■ SUPPLIED DATA ■
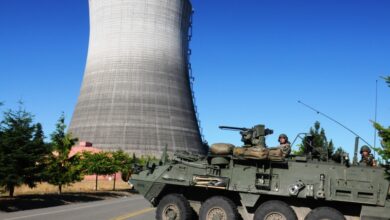 M1135 Reconnaissance Vehicle team conducting hazardous response drill at a nuclear power plant area.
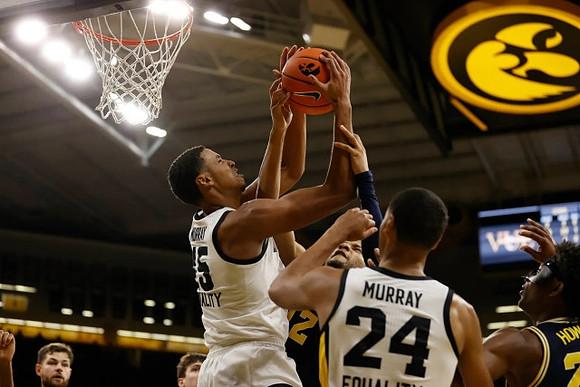 Hunter Dickinson (1), DeVante' Jones (12), and Jace Howard (25)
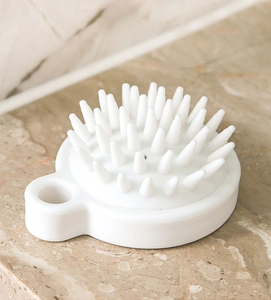Detail view of white silicone scalp massager brush on a marble surface with handheld design
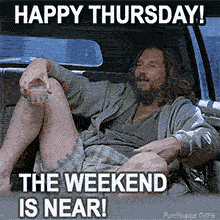 The Dude from 'The Big Lebowski' relaxes in the back of a car, holding a White Russian. He wears a zip-up hoodie and plaid shorts, smiling contentedly under 'Happy Thursday!' text.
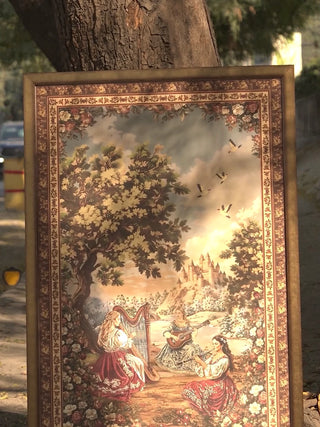 Video of Garden of Tunes embroidered wall art in burgundy, forest green and sky blue, showing needlework on the harpist, flutist and rose garden beneath towering oaks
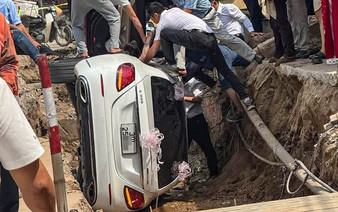 Vietnamese bride rescued after Mercedes wedding car flips into road construction trench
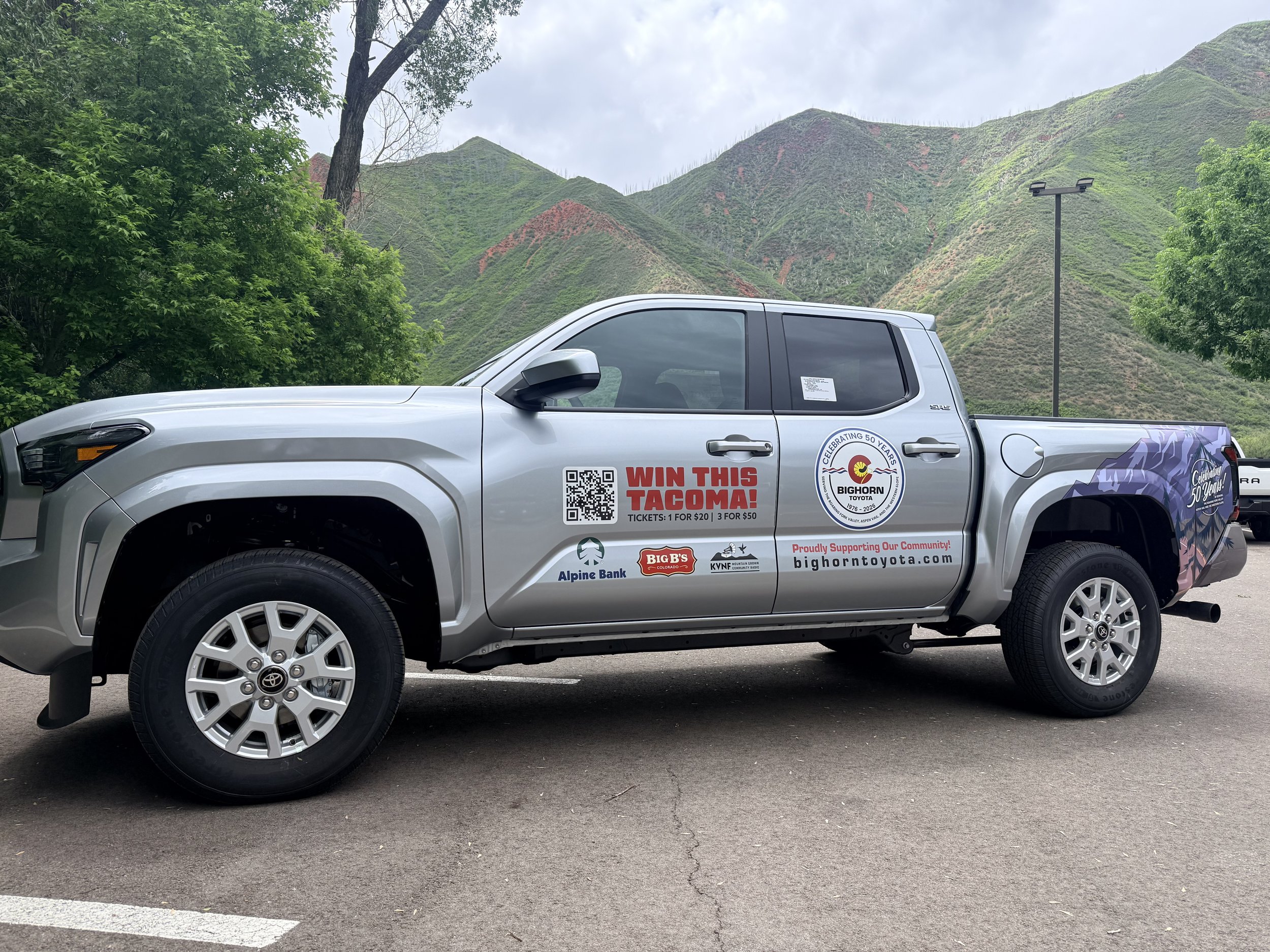 A silver pickup truck parked in a parking lot with green mountains and cloudy sky in the background.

■ INSTRUCTIONS FOR THE TASK ■
Return each line of the material exactly as written; exclude the pictures.

■ EXERCISE ANSWER ■
 M1135 Reconnaissance Vehicle team conducting hazardous response drill at a nuclear power plant area.
 Hunter Dickinson (1), DeVante' Jones (12), and Jace Howard (25)
Detail view of white silicone scalp massager brush on a marble surface with handheld design
 The Dude from 'The Big Lebowski' relaxes in the back of a car, holding a White Russian. He wears a zip-up hoodie and plaid shorts, smiling contentedly under 'Happy Thursday!' text.
 Video of Garden of Tunes embroidered wall art in burgundy, forest green and sky blue, showing needlework on the harpist, flutist and rose garden beneath towering oaks
 Vietnamese bride rescued after Mercedes wedding car flips into road construction trench
 A silver pickup truck parked in a parking lot with green mountains and cloudy sky in the background.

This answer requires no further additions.